Collected data entries
------------------------------

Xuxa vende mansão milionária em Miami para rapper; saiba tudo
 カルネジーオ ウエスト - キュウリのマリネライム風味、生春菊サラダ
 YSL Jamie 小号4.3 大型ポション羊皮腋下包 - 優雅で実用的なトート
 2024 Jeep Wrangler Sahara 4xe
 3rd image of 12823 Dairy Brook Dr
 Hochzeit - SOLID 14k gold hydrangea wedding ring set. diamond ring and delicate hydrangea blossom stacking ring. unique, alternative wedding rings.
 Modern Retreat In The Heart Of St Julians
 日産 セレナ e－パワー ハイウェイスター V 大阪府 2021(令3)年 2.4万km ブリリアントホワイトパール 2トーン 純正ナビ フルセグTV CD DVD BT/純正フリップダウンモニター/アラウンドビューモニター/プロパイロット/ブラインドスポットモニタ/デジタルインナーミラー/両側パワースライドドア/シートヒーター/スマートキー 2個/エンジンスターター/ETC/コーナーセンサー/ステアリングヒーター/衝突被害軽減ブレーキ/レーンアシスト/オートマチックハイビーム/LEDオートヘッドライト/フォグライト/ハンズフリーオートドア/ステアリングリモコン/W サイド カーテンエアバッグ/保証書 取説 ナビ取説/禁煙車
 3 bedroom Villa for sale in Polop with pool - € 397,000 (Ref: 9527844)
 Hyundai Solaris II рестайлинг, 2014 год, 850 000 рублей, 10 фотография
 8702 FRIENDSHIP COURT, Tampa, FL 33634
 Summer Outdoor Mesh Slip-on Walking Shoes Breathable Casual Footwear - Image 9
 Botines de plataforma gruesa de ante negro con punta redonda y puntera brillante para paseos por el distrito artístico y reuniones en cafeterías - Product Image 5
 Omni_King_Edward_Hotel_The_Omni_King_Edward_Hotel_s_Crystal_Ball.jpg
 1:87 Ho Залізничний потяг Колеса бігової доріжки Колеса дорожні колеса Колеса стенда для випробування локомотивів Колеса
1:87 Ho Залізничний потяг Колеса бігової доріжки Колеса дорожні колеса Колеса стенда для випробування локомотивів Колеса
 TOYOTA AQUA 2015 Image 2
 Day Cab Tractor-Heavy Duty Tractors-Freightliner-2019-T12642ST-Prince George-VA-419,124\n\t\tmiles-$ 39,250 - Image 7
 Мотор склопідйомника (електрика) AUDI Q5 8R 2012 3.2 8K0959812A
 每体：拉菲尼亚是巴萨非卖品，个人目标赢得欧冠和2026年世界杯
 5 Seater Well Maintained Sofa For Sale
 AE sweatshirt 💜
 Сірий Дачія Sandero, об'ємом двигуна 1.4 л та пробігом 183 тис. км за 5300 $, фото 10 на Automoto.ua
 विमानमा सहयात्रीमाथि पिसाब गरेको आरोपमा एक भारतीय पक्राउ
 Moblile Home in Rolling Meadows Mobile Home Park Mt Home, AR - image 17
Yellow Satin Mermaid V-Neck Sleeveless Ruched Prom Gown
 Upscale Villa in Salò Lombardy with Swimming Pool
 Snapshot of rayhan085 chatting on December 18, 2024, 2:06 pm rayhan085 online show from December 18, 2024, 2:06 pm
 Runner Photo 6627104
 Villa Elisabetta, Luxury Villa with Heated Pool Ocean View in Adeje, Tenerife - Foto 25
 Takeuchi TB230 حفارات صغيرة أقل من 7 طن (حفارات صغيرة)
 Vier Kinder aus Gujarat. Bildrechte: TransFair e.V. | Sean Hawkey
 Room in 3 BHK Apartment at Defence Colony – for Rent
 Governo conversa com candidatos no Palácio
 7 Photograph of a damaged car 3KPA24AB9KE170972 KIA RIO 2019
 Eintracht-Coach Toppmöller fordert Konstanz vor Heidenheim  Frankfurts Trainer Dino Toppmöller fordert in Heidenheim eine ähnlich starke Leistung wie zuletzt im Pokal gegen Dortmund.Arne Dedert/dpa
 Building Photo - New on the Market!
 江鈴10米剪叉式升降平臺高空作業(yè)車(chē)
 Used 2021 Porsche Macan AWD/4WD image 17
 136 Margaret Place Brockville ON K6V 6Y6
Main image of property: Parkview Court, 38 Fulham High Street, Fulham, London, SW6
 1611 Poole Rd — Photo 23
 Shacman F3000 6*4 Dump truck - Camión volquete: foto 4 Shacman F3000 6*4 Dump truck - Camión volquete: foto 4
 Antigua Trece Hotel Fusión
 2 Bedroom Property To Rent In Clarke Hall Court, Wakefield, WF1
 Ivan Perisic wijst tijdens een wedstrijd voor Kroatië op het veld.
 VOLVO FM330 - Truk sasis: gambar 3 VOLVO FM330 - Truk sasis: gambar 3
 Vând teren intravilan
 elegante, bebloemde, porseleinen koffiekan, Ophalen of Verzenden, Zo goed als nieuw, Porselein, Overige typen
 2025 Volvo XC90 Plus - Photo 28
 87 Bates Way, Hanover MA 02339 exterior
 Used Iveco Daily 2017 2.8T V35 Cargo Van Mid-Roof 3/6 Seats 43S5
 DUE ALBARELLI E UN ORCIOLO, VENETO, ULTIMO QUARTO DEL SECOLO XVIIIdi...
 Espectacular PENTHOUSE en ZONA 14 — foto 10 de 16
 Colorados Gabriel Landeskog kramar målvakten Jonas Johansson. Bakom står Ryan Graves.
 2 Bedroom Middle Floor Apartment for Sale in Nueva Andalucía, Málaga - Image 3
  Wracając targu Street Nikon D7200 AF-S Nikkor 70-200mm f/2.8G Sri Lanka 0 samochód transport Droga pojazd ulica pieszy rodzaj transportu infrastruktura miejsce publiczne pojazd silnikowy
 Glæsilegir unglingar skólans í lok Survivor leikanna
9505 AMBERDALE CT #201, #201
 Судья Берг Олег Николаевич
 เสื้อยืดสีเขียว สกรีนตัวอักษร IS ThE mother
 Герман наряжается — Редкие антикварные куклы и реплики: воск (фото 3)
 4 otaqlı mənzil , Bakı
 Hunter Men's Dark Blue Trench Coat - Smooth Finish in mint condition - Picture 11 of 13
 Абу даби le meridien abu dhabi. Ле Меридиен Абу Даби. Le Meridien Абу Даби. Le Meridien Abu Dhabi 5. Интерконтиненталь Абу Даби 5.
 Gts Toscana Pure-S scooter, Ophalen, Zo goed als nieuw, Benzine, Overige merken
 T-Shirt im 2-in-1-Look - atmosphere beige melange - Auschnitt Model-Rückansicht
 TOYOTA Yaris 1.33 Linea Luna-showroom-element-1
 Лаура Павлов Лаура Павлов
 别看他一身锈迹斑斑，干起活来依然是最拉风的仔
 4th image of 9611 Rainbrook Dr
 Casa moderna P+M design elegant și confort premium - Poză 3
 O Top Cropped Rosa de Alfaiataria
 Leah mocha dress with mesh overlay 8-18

------------------------------

### WHAT THIS TASK INVOLVES
Search the records for the word "para". Copy each line where it appears.

### RESPONSE TO THIS EXERCISE
Xuxa vende mansão milionária em Miami para rapper; saiba tudo
 Botines de plataforma gruesa de ante negro con punta redonda y puntera brillante para paseos por el distrito artístico y reuniones en cafeterías - Product Image 5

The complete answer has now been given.